As the number of diabetes medications continues to grow, clinicians are encouraged to consider individual factors when making treatment decisions. However, recommendations for specific patient groups rely on the use of meta-level subgroup analyses – and these are often limited by clinical heterogeneity across individual trials and the credibility of pooling data.
In a study published in Diabetes Care, Thomas Karagiannis and colleagues now offer a step-by-step approach to performing and interpreting subgroup meta-analyses. By focusing on the prevention of major cardiovascular events (MACE) in CVOTs with GLP-1 receptor agonists or SGLT2 inhibitors, the authors highlight the clinical importance of considering absolute (in addition to relative) treatment effects and of additional credibility assessments.
Balancing perspectives
GLP-1 receptor agonists and SGLT2 inhibitors have broadened the scope of diabetes management beyond glycaemic control.
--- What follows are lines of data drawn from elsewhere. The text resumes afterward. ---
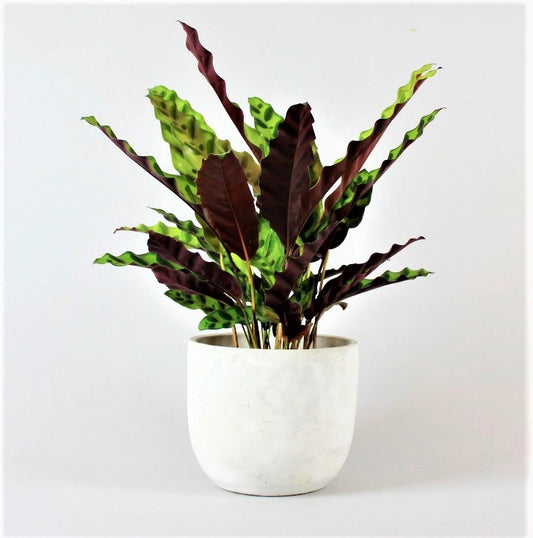 Calathea Lancifolia 40cm-50cm/CERAMIC pot - PlantmartUAE.com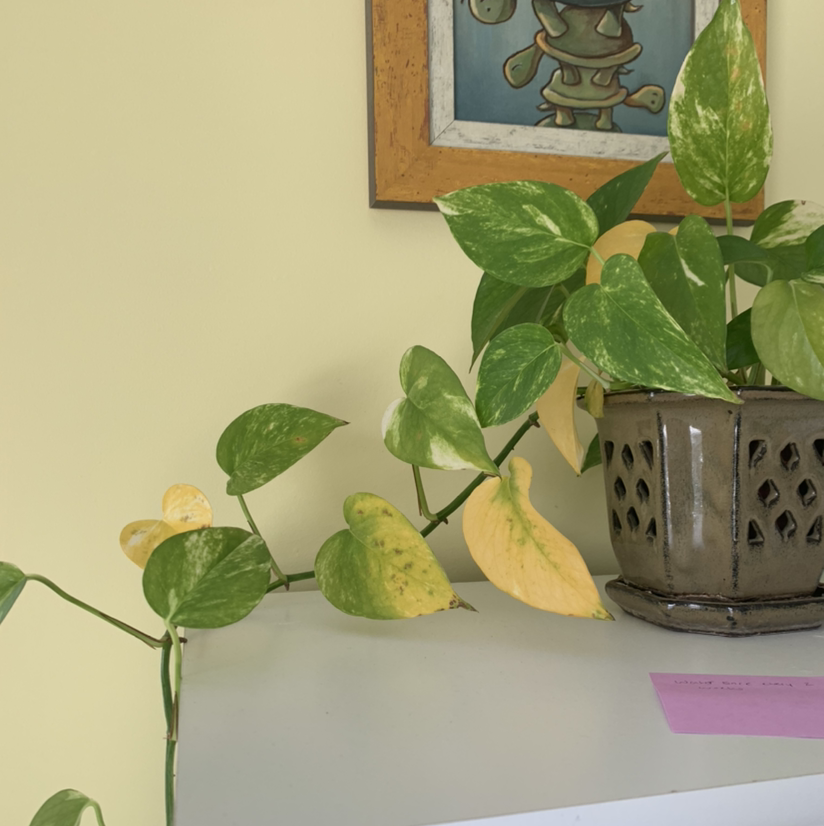 Taro Vine plant photo by @AnnieAllen named Aren on Greg, the plant care app.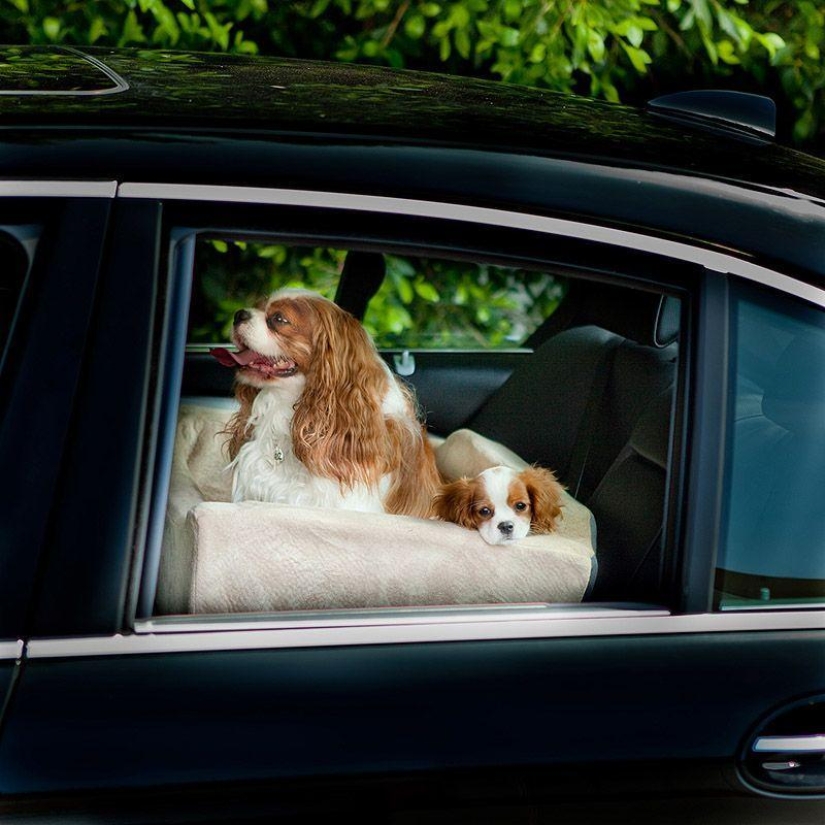 Animals on the go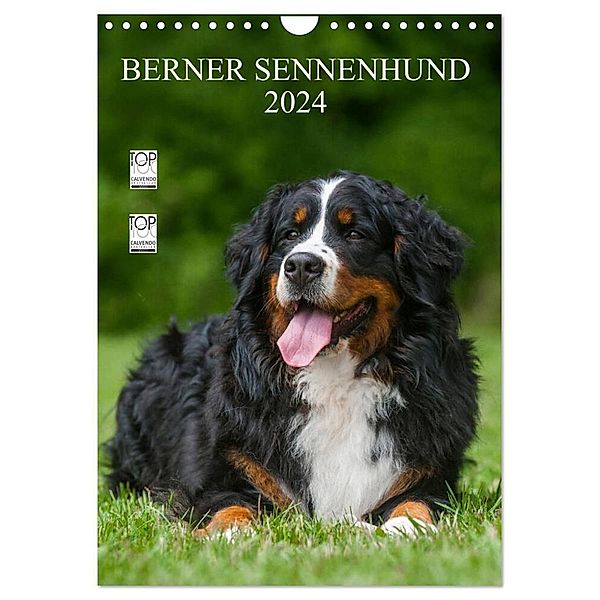 Berner Sennenhund 2024 (Wandkalender 2024 DIN A4 hoch), CALVENDO Monatskalender, Sigrid Starick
Among other benefits, both classes of drugs are known to improve the cardiovascular health of patients with type 2 diabetes. Karagiannis et al. pooled results from placebo-controlled cardiovascular outcome trials and specifically compared two subgroups: patients with established cardiovascular disease vs patients at high cardiovascular risk but without manifest disease.
By applying a comprehensive methodological framework, the study showed that by focusing solely on relative treatment effects, you may neglect clinically relevant absolute effects. This was illustrated by the finding that the absolute reduction in MACE was approximately two times greater with both drug classes in patients with established cardiovascular disease as compared with patients at high cardiovascular risk but without manifest disease while the relative risk reduction did not differ between subgroups.
Clinical implications
“The clinical interpretation of our findings is that it is reasonable to support a strong recommendation for using these medications to reduce MACE in people with type 2 diabetes and established cardiovascular disease, while they may be considered for patients at high cardiovascular risk but without manifest cardiovascular disease, given the lower absolute benefits in the latter subpopulation,” the authors argue in line with the 2022 EASD/ADA consensus statement on the management of hyperglycaemia in type 2 diabetes.
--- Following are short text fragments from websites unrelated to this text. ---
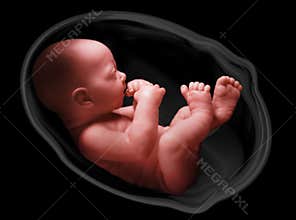 Human embryo
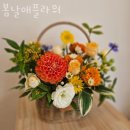 봄날애플라워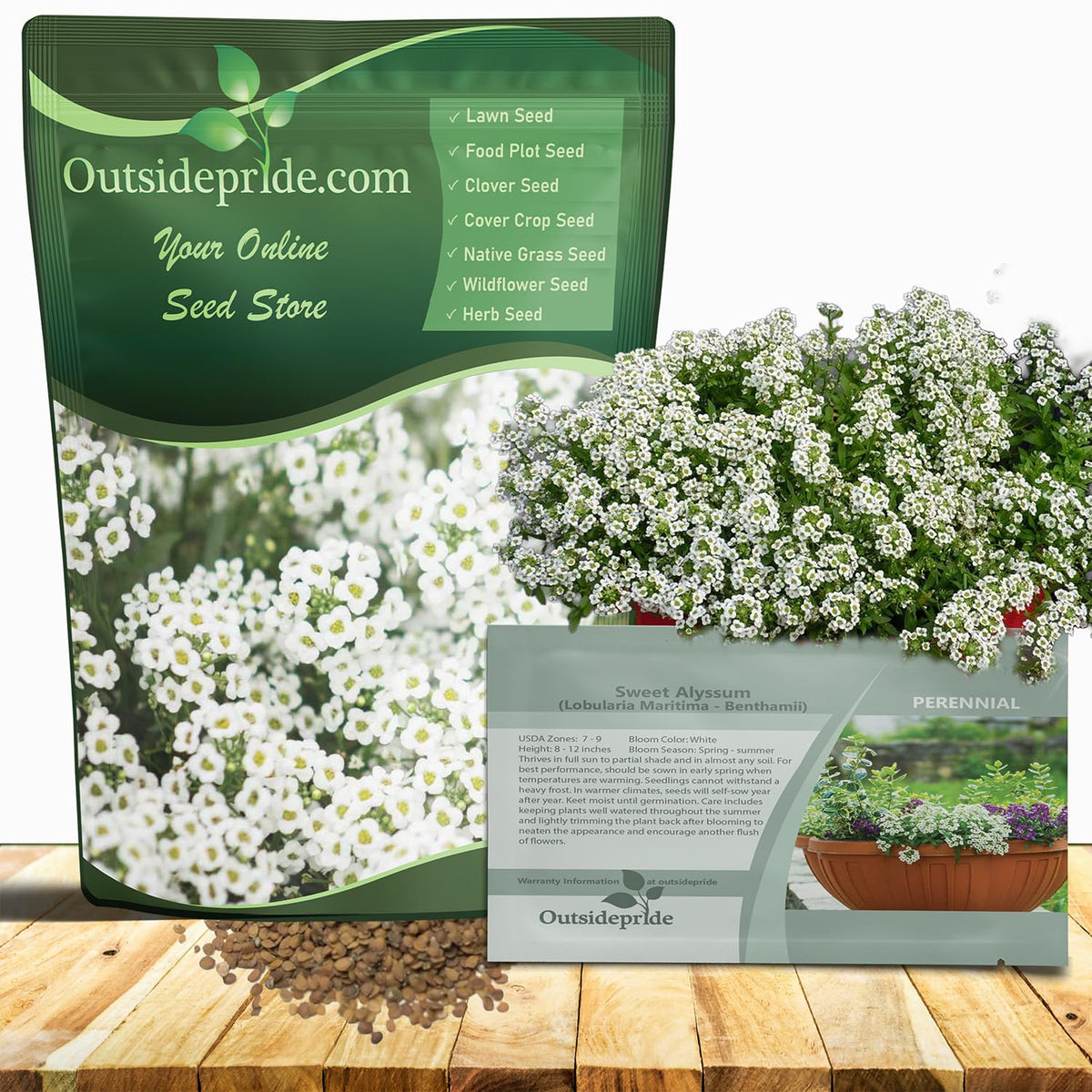 Outsidepride sweet alyssum white blooms close-up for fragrant ground cover.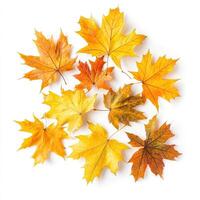 Autumn leaves in vibrant hues photo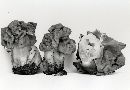 Gyromitra korfii image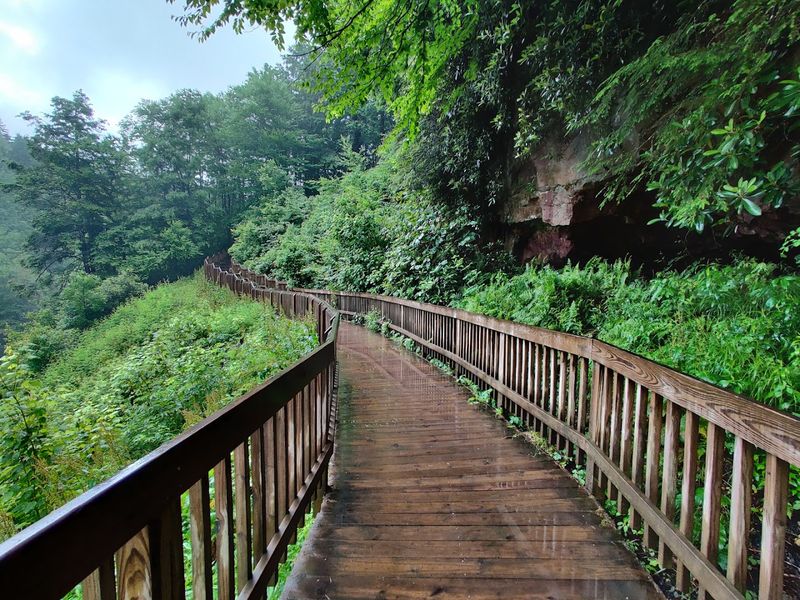 More Than 20 Miles of Trails: Finding Your Own Path Through the Forest More Than 20 Miles of Trails: Finding Your Own Path Through the Forest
In addition, their findings highlight the importance of tailoring therapies to individual factors, such as a patient’s baseline cardiovascular risk, and therefore underscore the need for robust subgroup meta-analyses. The authors present a stepwise approach that can generally help clinicians address treatment differences between subgroups, regardless of the variable of interest.
Methodological precision: a step-by-step approach
Subgroup meta-analyses can provide valuable information but are also known to have limitations. “They should be approached and implemented with caution to prevent potential misinterpretation or unwarranted generalizations,” the authors write.
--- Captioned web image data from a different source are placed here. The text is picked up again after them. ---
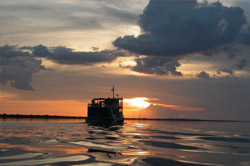 Cruise Delfin in the Amazon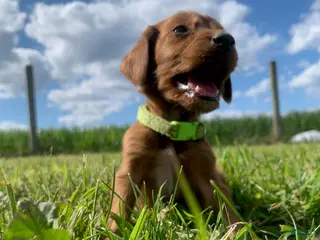 Irish Setter dogs Beau - Ad 3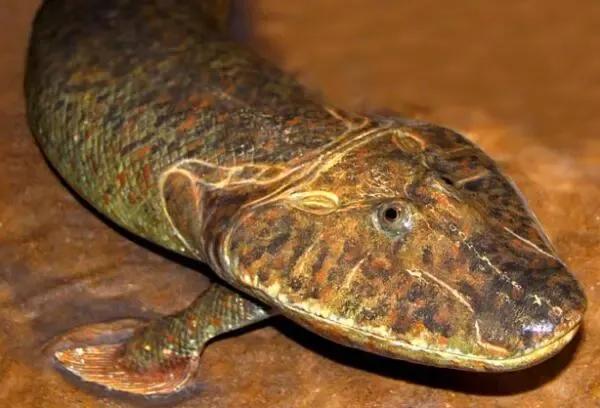 人类的祖先鱼类两栖类生物名字,为什么人类的祖先是鱼呢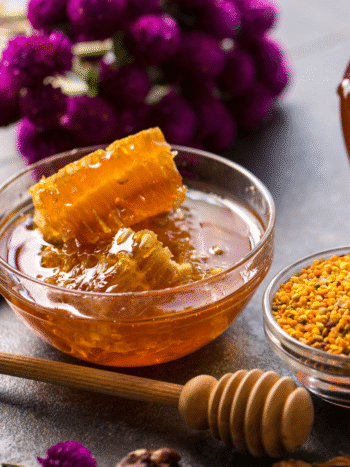 RECETTE DU MIEL DE PROPOLIS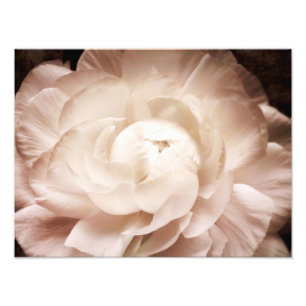 Impression Photo Vintage Sepia Blanc & Crème Ranunculus Arrière - p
Based on these considerations, the study introduces a methodological framework that can be applied to any subgroup meta-analysis (see Figure 1). Essentially, each of the four steps is designed to systematically answer one important question about the comparability of the studies considered:
- How do the definitions of the subpopulation vary between individual studies?
- Is the baseline risk for each of these subpopulations sufficiently consistent across different studies to justify pooling the data in a meta-analysis?
- Does the relative treatment effect differ between the subpopulations?
- What are the absolute treatment effects for each subpopulation?